Am I supposed to believe that 3 out of the 4 best teams in 2005 are teams that didn't even make the finals in 2004?

And since it looks like Carlton are going to make the pre-season grand final, what do you think are the chances of them making the "real" grand final?
 
 
 
musosianmusosian on March 5th, 2005 10:50 am (UTC)
I don't think they'll make the real GF, but I do believe they've got a half-decent team now. I mean, they finished 9th last year iirc, which isn't terrible. The wizard cup is only as much of an indicator as the coach wants it to be - like with Essendon playing a half-strength team (admittedly after they fell out of the series) because Sheedy has issues with the knock-out format of the comp...

The wizz-fizz is worth taking seriously for the cash prizes on offer for finalists/anyone who gets through the first round. Apart from that, you never know what the motivation each week is - is it to try out new players? Or to test old players coming back from injury or in new positions? Or is it truly to win at all costs? Most teams, it wouldn't be the last one.
Jacobyak_boy on March 5th, 2005 12:55 pm (UTC)
Or is it truly to win at all costs? Most teams, it wouldn't be the last one.

Exactly.
So what's in it for the fans?
Fans want to see their team go out and fight hard for a win, they don't want to see their teams playing a half-strength team in order to blood a few 16-year olds.

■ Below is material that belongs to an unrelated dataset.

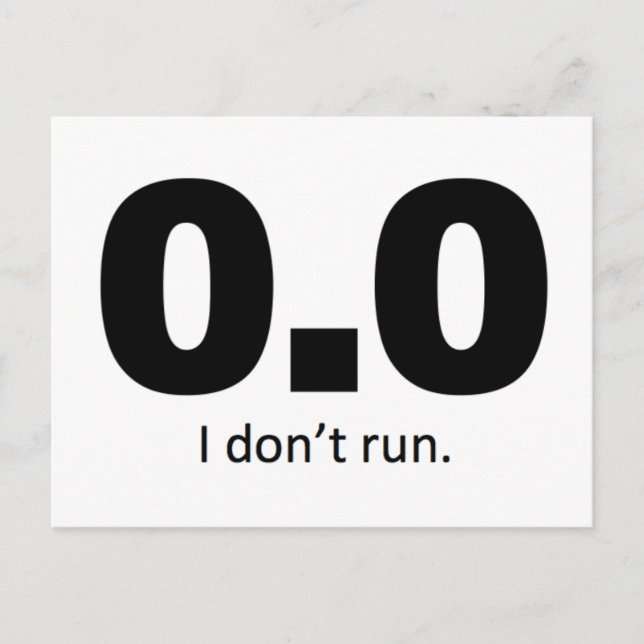 0.0 I don't run. Postcard (Front)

On the flipside, teams like Carlton, who haven't made the premiership finals for quite a while, have a lot more to gain by playing to win in the pre-season cup (boosting their depleted memberships for example).
But, you then get a situation in which Carlton fans may come away thinking that they have a competitive team for the premiership, when in fact the main reason that the pre-season cup grand final includes Carlton is that the stronger teams aren't actually trying to win the pre-season cup.

Basically, the pre-season cup is simply a chance to attach media coverage and revenue-raising to otherwise profitless pre-season practice matches.
musosianmusosian on March 5th, 2005 10:38 pm (UTC)
It was still nice to be able to go and see a game on Friday, and maybe again this Friday, even if there are some strange moves being made. Regardless of whether it's your best side or not, if there are supposedly good players out there making clangers, it's not terribly reassuring. Like our new champion/expensive tradee, Brad Ottens, missing a set shot from 20m, a slight angle from 40, and another goal-chance out on the full. No one deliberately misses the goals. Quite a worry...
Jacobyak_boy on March 5th, 2005 10:45 pm (UTC)
It was still nice to be able to go and see a game on Friday

But, that's my point about practice matches.
If they were playing informal practice matches it would be either free or a lot cheaper to go and see it.

Regardless of whether it's your best side or not, if there are supposedly good players out there making clangers, it's not terribly reassuring.

Everyone has a bad day now and then, and it's much more likely if you're not "playing for keeps" so to speak.
musosianmusosian on March 5th, 2005 11:34 pm (UTC)
I'm quite surprised that they charge $14 for an adult to go and see a practice match after the teams are no longer in the running - I did expect these would be free. Luckily my membership arrived in time, so I do get in free. And you're right about people trying harder when it counts (although James Kelly, thank goodness, looked as good as ever, I was kinda worried he'd injure himself again he was throwing himself around so much).

Chrisfireburner on March 6th, 2005 06:19 am (UTC)
Ottens will come good
musosianmusosian on March 6th, 2005 07:01 am (UTC)
Ottens will come good or be lynched.